Hundreds of people were eventually saved from the flooded subway tunnel in Zhengzhou, a city of 12 million people that sits on the banks of the Yellow River in central Henan province.
But at least 12 are known to have died and five were injured in the subway disaster, which came after the region saw more rainfall in three days than it usually would in a year.
This is a rainy time of year in China and floods happen annually. However, Chinese scientists say global warming has made the situation more dangerous and warn that extreme weather could become more frequent in the future.
In Henan, at least 33 people have died and more than 200,000 have been evacuated. Major roads have been turned into rivers, with cars and debris being swept along by fast moving currents.
At the scene in Zhengzhou
At Shakoulu metro station the shutters are down, a small group of police stand watching at one entrance.
"Is this a crime scene?" I asked one of them. "I can't talk to you," he replied.
This is the place where graphic pictures, shared on social media, showed passengers lying lifeless on the platform below. You can't get down there now. Zhengzhou's metro network is completely closed.
Above ground, though, you can see the evidence and the aftermath: there's mud and silt on the edge of the road, on the other side from where I'm writing workers are fixing a part of the surface that was ripped up by the force of the water.
But to my right is the clearest evidence of what happened here; a four lane underpass vanishes after a few metres under an impromptu lake.

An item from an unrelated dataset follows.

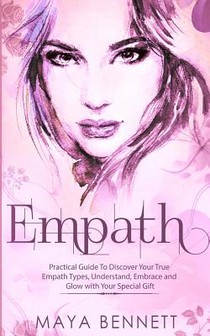 Empath: Practical Guide To Discover Your True Empath Types, Understand, Embrace and Glow with Your Special Gift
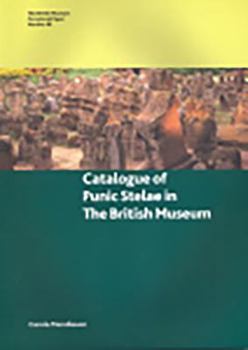 Paperback Catalogue of Punic Stelae in the British Museum Book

The water stretches out, covering the road, as far as I can see. It comes up almost over the railings on the walkway at the side.
Harrowing accounts of the subway tragedy, and of the dramatic flooding around the province, are continuing to emerge, with witnesses describing scenes of fear and chaos.

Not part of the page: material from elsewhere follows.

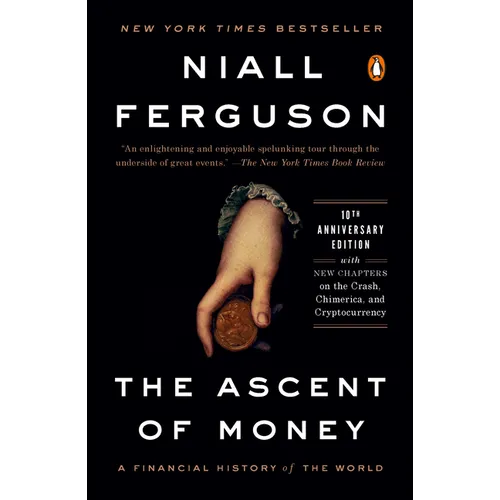The Ascent of Money: A Financial History of the World: 10th Anniversary Edition - Paperback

"At the start there wasn't much water, then it was like it all started coming at once," one woman who was on the flooded subway train told the news outlet Pear Video.
"Within about 30 minutes it was up to my shoulders," she said. "It was hard to breathe. A lot of people fainted."

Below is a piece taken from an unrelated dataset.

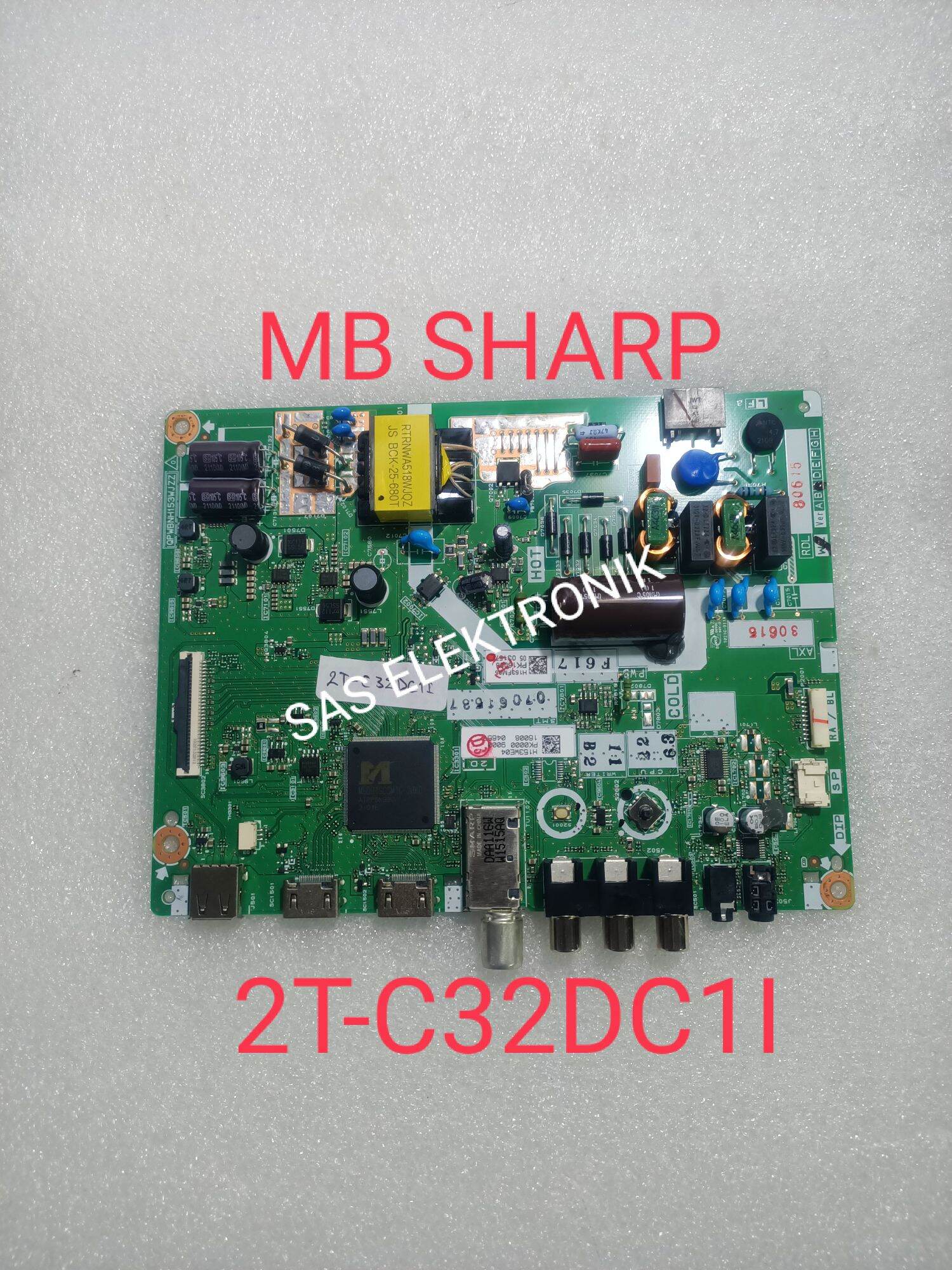 MB MOTHERBOARD MAINBOARD MESIN TV LED SHARP 2T C32DC1I 2T C32DC1 I 2T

The woman, who wanted to remain anonymous, said she was trapped for more than four hours and cried when she was finally rescued.
"There was so much water on the platform, and there was water streaming out of the cracks in the subway doors," another passenger told Jiupai News.
"I'm quite tall, but after about five minutes, the water was already at my chest," he said. "Tall people helped short people and children up onto the seats. I was holding someone's child."
In one post on Weibo, a woman described the panic in the carriage. "Many people started to suffer breathing difficulties," she wrote. "I heard a nearby passenger on her phone, giving her bank account details to her family, and thought I should do the same."
"Water was leaking from the cracks in the door, more and more of it, all of us who could, stood on the subway seats," another post read.
Dramatic images have also been shared of rescues above ground. Emergency workers have used long ropes to pull people to safety as they were dragged along by gushing currents.
"I was lucky that I stayed at home, but we [still] felt like we were going to be washed away," Wang Qian told BBC OS from Zhengzhou.
"I've contacted all of my family and luckily they're all safe. "There's a lot of damage around us. I can see the floods everywhere, lots of cars and water everywhere," she said.
Rescue efforts are continuing around the province, while further downpours have been forecast for the rest of the week.
"We're all waiting to see if everything will be OK soon," Ms Wang said. "We're very scared."